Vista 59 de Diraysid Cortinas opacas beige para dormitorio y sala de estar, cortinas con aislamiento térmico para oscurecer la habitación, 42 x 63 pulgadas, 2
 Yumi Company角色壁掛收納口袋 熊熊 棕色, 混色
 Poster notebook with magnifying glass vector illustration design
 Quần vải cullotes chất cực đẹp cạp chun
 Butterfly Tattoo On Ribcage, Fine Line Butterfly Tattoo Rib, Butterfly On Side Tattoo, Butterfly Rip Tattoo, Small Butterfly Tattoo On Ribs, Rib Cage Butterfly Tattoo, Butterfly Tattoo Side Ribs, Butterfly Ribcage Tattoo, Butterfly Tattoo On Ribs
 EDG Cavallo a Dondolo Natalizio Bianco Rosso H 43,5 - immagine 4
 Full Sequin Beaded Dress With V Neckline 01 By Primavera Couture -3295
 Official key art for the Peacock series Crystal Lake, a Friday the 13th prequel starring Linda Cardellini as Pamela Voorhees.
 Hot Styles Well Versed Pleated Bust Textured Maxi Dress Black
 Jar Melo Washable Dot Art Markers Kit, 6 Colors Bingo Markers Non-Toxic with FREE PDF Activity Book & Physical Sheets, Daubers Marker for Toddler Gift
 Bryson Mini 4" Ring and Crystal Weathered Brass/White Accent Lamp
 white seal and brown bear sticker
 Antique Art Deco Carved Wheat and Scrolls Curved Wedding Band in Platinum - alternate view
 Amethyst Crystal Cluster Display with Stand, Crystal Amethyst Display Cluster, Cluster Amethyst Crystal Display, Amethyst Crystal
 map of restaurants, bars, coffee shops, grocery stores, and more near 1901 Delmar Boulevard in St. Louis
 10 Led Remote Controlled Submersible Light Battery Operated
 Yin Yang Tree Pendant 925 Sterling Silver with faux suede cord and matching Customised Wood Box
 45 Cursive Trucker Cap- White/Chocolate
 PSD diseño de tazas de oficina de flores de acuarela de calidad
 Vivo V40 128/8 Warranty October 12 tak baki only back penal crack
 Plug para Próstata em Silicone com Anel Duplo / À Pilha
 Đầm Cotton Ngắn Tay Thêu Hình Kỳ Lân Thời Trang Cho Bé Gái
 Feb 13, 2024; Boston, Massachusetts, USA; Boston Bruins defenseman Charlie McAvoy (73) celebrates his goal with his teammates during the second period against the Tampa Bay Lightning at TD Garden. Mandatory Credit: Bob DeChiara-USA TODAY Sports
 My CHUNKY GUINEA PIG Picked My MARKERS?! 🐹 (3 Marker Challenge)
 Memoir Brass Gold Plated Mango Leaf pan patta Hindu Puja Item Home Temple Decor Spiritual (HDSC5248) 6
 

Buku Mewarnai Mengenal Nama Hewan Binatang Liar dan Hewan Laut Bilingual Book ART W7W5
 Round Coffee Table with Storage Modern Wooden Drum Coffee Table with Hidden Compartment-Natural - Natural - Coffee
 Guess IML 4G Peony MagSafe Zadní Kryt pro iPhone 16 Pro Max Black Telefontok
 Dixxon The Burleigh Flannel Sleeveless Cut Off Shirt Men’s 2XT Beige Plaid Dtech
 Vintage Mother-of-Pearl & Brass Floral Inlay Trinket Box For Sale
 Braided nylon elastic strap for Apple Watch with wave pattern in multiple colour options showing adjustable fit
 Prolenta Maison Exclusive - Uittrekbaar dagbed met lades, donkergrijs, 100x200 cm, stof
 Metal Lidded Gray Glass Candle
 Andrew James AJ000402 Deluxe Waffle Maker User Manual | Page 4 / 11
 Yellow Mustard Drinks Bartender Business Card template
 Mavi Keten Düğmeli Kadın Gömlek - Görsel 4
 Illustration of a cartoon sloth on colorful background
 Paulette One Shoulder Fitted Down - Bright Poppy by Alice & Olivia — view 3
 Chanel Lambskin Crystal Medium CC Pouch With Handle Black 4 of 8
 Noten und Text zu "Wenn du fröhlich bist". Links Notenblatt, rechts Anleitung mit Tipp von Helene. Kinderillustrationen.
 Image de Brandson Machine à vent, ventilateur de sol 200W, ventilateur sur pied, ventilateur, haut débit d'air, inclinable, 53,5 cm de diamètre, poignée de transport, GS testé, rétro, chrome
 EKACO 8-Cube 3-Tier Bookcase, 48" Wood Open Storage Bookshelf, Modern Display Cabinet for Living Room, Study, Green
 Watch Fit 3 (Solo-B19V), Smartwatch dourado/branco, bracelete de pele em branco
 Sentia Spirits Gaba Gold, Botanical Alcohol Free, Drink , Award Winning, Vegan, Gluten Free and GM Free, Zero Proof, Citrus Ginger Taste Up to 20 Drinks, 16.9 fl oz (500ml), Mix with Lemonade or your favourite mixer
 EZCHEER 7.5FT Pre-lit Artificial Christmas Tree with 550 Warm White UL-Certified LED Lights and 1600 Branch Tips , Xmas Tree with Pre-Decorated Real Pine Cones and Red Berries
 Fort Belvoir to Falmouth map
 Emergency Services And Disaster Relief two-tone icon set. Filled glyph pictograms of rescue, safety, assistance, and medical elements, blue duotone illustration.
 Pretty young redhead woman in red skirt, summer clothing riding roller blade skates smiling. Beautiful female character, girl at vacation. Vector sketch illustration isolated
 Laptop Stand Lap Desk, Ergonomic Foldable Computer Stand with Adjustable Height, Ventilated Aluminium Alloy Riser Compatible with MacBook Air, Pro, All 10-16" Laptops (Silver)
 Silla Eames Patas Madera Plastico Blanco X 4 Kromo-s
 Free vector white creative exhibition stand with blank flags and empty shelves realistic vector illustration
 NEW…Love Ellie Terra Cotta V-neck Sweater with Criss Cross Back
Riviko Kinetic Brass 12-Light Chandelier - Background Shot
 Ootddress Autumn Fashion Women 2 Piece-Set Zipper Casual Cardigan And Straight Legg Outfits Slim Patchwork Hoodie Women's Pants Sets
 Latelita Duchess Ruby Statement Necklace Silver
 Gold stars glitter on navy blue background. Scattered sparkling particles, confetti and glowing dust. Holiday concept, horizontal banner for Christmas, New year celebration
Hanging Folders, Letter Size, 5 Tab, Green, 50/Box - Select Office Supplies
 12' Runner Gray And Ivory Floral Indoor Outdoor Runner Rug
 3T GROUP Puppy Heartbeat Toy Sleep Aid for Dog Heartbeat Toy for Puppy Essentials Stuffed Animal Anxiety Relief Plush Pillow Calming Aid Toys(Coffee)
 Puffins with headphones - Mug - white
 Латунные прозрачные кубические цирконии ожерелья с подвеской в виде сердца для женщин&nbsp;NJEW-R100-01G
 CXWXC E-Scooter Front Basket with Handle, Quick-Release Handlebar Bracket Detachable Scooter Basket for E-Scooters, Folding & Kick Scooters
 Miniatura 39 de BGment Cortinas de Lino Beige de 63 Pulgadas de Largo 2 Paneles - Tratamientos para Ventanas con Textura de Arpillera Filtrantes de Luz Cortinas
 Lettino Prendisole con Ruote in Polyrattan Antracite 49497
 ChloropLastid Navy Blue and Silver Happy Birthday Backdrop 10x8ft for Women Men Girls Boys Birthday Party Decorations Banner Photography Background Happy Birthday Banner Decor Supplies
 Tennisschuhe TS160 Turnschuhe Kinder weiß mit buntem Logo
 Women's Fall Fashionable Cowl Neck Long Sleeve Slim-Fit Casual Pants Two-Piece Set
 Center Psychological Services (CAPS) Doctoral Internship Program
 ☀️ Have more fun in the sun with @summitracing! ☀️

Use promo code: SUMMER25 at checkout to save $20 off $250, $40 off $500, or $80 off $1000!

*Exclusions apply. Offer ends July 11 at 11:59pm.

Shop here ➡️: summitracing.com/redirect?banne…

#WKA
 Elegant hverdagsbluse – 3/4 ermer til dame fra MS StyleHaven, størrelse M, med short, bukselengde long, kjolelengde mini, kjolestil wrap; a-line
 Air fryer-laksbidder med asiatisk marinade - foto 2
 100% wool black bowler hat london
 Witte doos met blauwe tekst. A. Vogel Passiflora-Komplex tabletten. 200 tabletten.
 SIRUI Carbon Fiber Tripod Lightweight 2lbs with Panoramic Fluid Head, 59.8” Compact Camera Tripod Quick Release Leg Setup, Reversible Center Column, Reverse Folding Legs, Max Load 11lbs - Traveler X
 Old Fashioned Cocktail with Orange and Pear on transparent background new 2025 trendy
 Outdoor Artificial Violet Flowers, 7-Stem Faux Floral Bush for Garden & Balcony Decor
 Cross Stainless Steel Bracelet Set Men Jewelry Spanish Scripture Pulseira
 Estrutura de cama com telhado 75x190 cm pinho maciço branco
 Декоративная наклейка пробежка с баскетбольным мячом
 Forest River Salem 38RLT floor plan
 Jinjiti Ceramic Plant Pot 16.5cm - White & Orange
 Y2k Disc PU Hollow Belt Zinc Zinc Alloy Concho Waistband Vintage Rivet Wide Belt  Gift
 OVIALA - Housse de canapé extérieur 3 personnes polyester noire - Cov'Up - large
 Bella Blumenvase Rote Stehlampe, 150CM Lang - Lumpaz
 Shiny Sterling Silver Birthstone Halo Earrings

○ ○ ○ ○ ○ ○ ○

Exercise brief: Retype, exactly as written, everything from the first line of the data above through the line containing "EDG Cavallo a". Nothing else should appear.

Response:
Vista 59 de Diraysid Cortinas opacas beige para dormitorio y sala de estar, cortinas con aislamiento térmico para oscurecer la habitación, 42 x 63 pulgadas, 2
 Yumi Company角色壁掛收納口袋 熊熊 棕色, 混色
 Poster notebook with magnifying glass vector illustration design
 Quần vải cullotes chất cực đẹp cạp chun
 Butterfly Tattoo On Ribcage, Fine Line Butterfly Tattoo Rib, Butterfly On Side Tattoo, Butterfly Rip Tattoo, Small Butterfly Tattoo On Ribs, Rib Cage Butterfly Tattoo, Butterfly Tattoo Side Ribs, Butterfly Ribcage Tattoo, Butterfly Tattoo On Ribs
 EDG Cavallo a Dondolo Natalizio Bianco Rosso H 43,5 - immagine 4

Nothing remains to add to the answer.